On March 21, three Taylor High School students, Anna Pastrick, Holly Wanek, and Kurt Knue, collaborated with another UNESCO school from Winnipeg, Canada and traveled to Bolivia. In addition to their own luggage, the three Taylor High School students and teacher, Marney Murphy, brought many additional bags filled with items they received to support the needs of the children they were travelling to visit in an orphanage.

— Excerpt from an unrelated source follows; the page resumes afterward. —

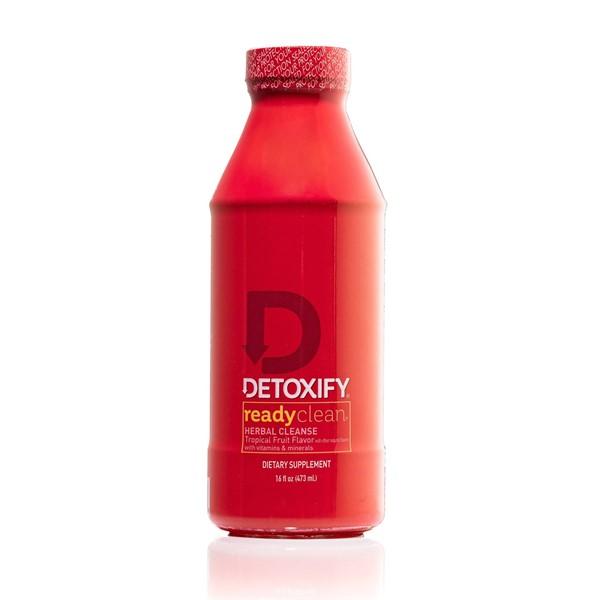 DETOXIFY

These students spent the next 11 days helping children in the poorest country in South America and visiting several UNESCO World Heritage sites in Bolivia. The experience, though incredible and unforgettable, was not one of convenience and comfort. The students worked to paint a gym set and building, scraped and painted window sills, and interacted with the children of the Bolivian orphanage in temperatures of 87 plus degrees with 98% humidity. The students ate unfamiliar foods and slept out of the comforts of their air conditioned homes in Ohio. Nonetheless, they returned home with a changed mindset and understanding towards poverty and different cultures. As the students reflected on their trip at an April 11 Three Rivers Board of Education meeting, Anna Pastrick said that “it was amazing to know how poor they are, yet see how happy of a life they live.”

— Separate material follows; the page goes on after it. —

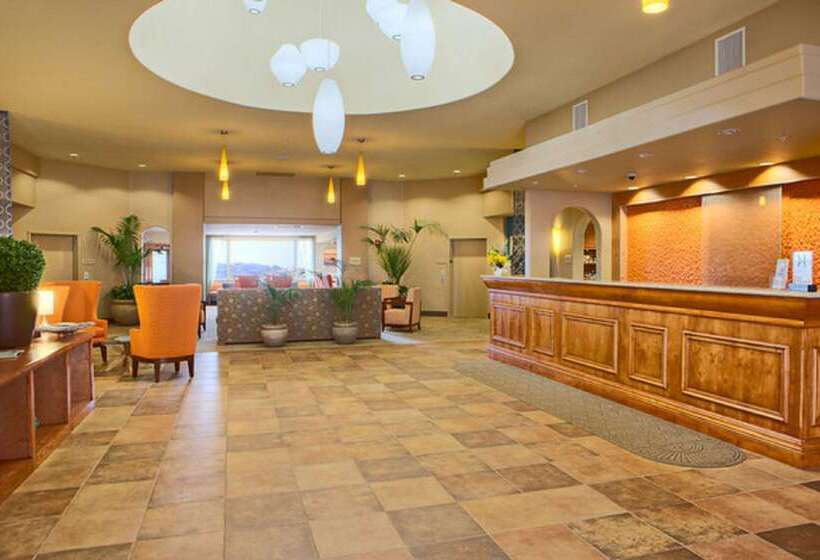 هتل Hilton Garden Inn San Luis Obispo/pismo Beach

Throughout the trip, the three students submitted blogs to record their experiences. Included in the students’ reflections were a lot of insight as to their interactions with their new Bolivian friends. Kurt Knue, on day 9, stated that it was his favorite day mainly because of his end of the night volleyball game with local teens who only spoke Spanish. Kurt said, “what began with simple words such as ‘aqui’ and ‘lo siento’ turned into a full conversation. And even though we didn’t always fully translate, I spoke more Spanish tonight than ever before. Our new Bolivian friends have a lot of common interests with us, especially with topics of movies, music, and books.”
Although the students spent a majority of their eleven days working hard to help the children of the Stansberry Children’s Orphanage, they still found time to explore the area. Holly Wanek blogged on day 5 about their hike at Amboro Forest. She said, “the first part of the hike was easy, but eventually we were climbing up and down steep inclines; my phone tracked that we climbed 100 flights of stairs, equivalent to 1,000 feet.”

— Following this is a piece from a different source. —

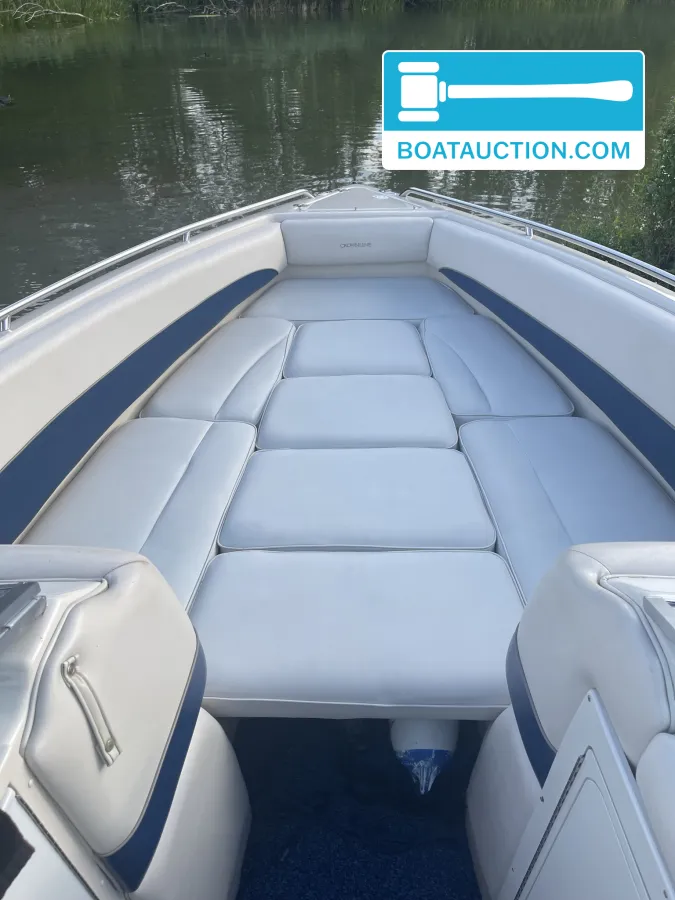 foto: 6 Crownline 266 BR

As with any hard work comes hunger. The one common theme all three students had in their blogs was the food in Bolivia. In Anna Pastrick’s blog, she mentioned, “for breakfast we had bread, dulce de leche, and various fruits.” In Kurt’s blog he explained how their grocery stores, although very different for the most part, did have an American section. He said that he did buy a lot of items from the Bolivian culture (Zacatecas, salsa para nachos picnte, and Rodajas acidas), but couldn’t resist his American favorite, Runts!
Although the exhaustion will wear off, the clothes will wash, and the memories might fade, there is no doubt that the overall experience will forever have a positive impact on the lives of Anna Pastrick, Holly Wanek, and Kurt Knue.